China: Ambisi Bangun “Otak Digital” Nasional

China: Ambisi Bangun “Otak Digital” Nasional

HaurgeulisMedia.co.id – Di tengah pesatnya perkembangan kecerdasan buatan (AI) yang seringkali berfokus pada kemampuan chatbot atau model AI yang semakin canggih, aspek fundamental yang sering terabaikan adalah infrastruktur komputasi raksasa yang menjadi penopangnya.

China tampaknya menyadari krusialnya hal ini. Negara tersebut dilaporkan tengah merancang salah satu proyek infrastruktur AI terbesar dalam sejarah, dengan alokasi investasi yang diperkirakan mencapai 2 triliun yuan, atau sekitar Rp6.600 triliun, selama lima tahun ke depan.

Bacaan Lainnya

Jika terealisasi sesuai rencana, inisiatif ini tidak hanya akan memperbanyak jumlah pusat data.
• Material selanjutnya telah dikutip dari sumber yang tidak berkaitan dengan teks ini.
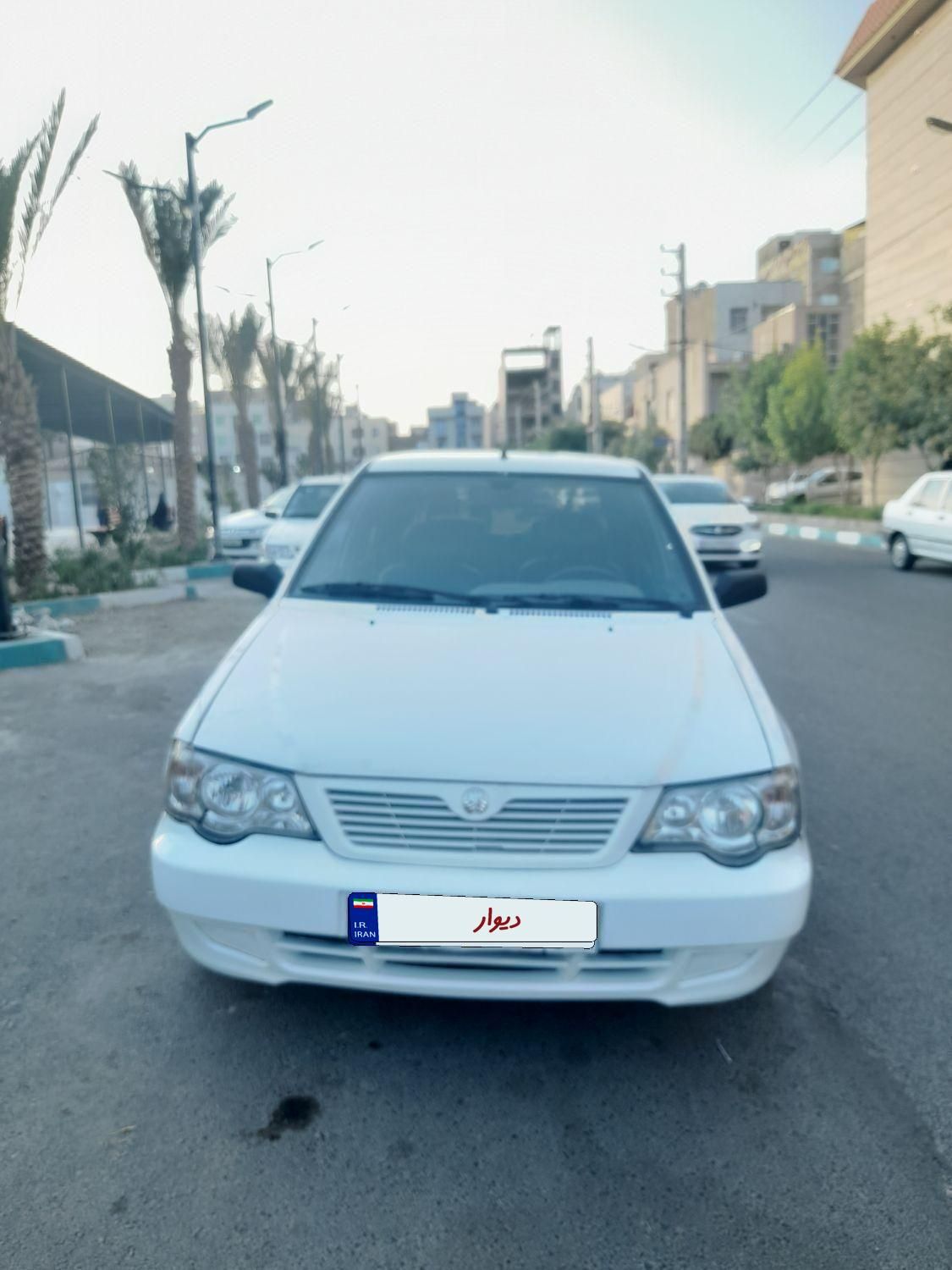 پراید 111 SX - 1390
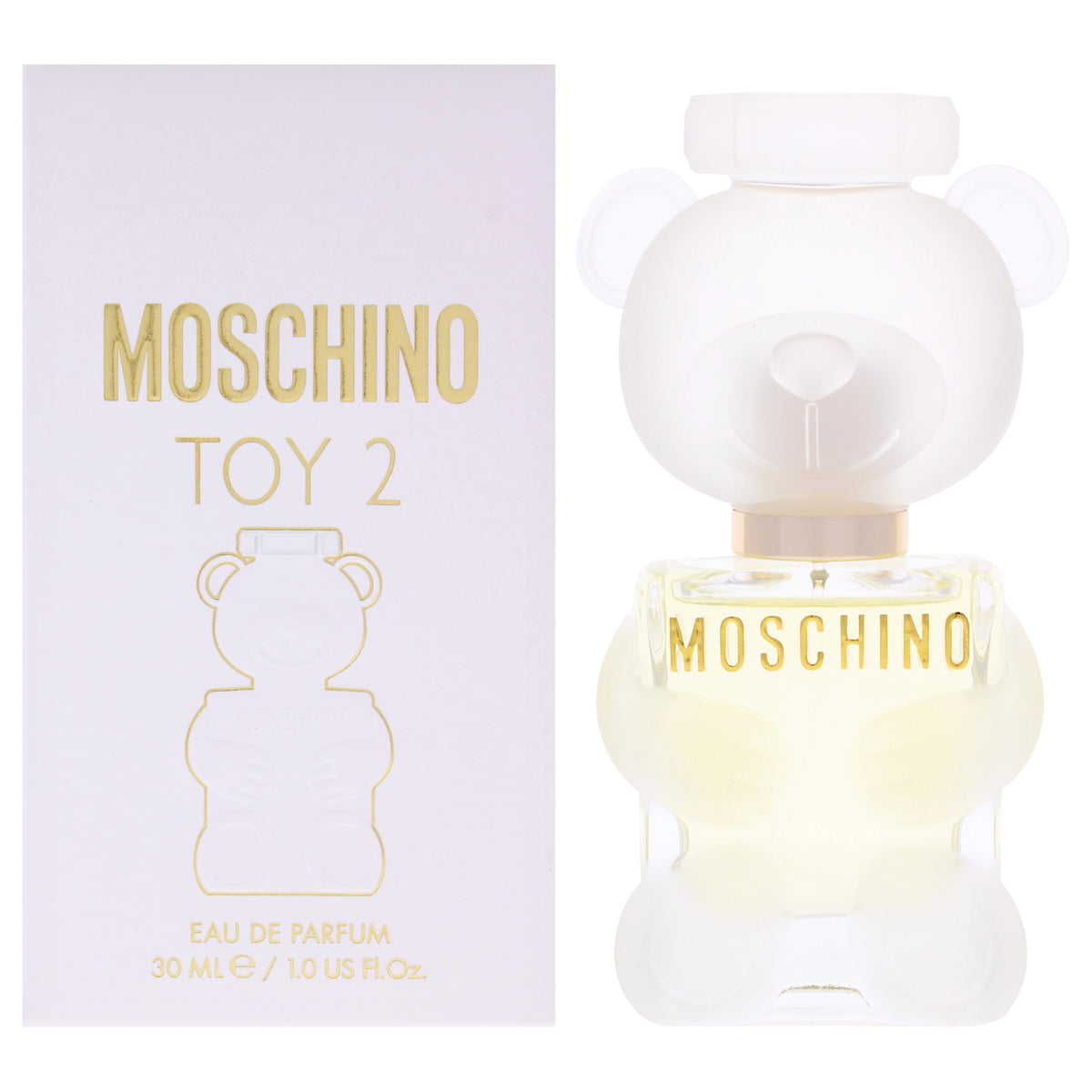 Moschino Toy 2 by Moschino for Women - 1 oz EDP Spray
Beijing berambisi untuk membangun sebuah jaringan komputasi nasional yang saling terhubung, yang akan menjadi landasan kuat bagi pertumbuhan industri AI dalam jangka panjang.

Menurut laporan Reuters, berbagai lembaga pemerintah, termasuk National Development and Reform Commission (NDRC), sedang dalam tahap penyusunan cetak biru untuk pembangunan jaringan pusat data AI yang akan tersebar di berbagai wilayah di China.

Fasilitas-fasilitas ini tidak akan beroperasi secara terisolasi, melainkan akan diintegrasikan menjadi satu ekosistem komputasi nasional. Tujuannya adalah untuk mengoptimalkan efisiensi dan pemerataan penggunaan sumber daya komputasi.

Perusahaan telekomunikasi milik negara seperti China Mobile dan China Telecom diproyeksikan akan memegang peranan sentral dalam proyek ini. Mereka akan bertanggung jawab atas operasional pusat data sekaligus memastikan konektivitas yang lancar antar fasilitas.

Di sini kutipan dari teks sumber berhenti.